Extracted records:
"""
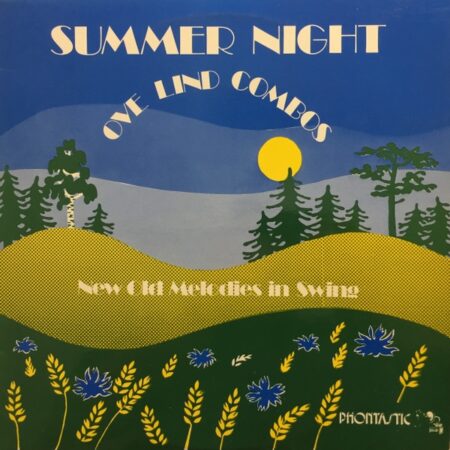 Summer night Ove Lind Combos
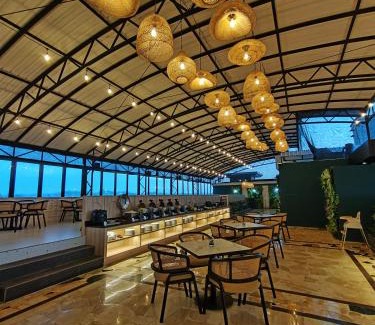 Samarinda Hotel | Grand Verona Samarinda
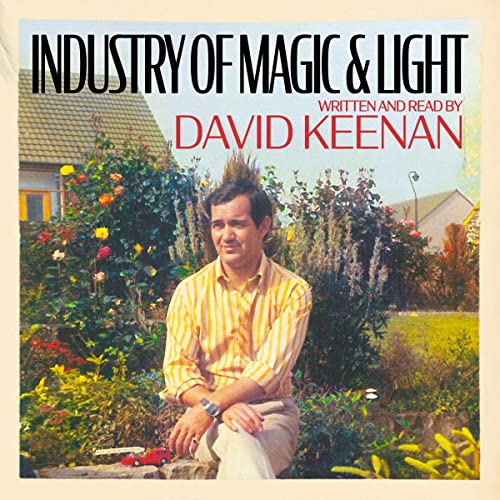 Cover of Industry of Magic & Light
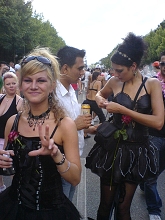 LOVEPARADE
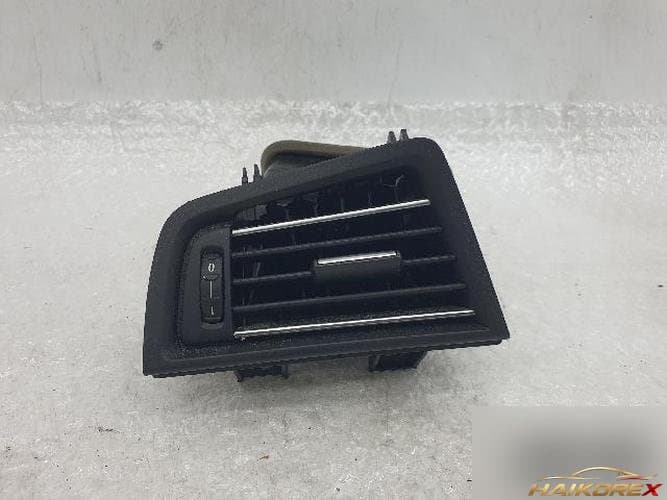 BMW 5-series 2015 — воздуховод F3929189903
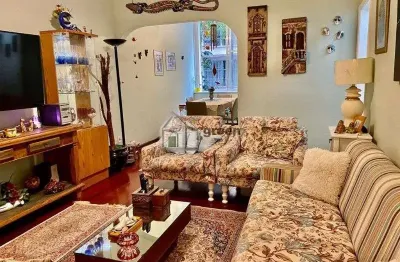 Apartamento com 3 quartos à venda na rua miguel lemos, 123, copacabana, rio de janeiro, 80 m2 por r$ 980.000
"""
ASSIGNED TASK: All entries above must be printed again verbatim, with images excluded.

RESPONSE BOX:
 Summer night Ove Lind Combos
 Samarinda Hotel | Grand Verona Samarinda
 Cover of Industry of Magic & Light
 LOVEPARADE
 BMW 5-series 2015 — воздуховод F3929189903
 Apartamento com 3 quartos à venda na rua miguel lemos, 123, copacabana, rio de janeiro, 80 m2 por r$ 980.000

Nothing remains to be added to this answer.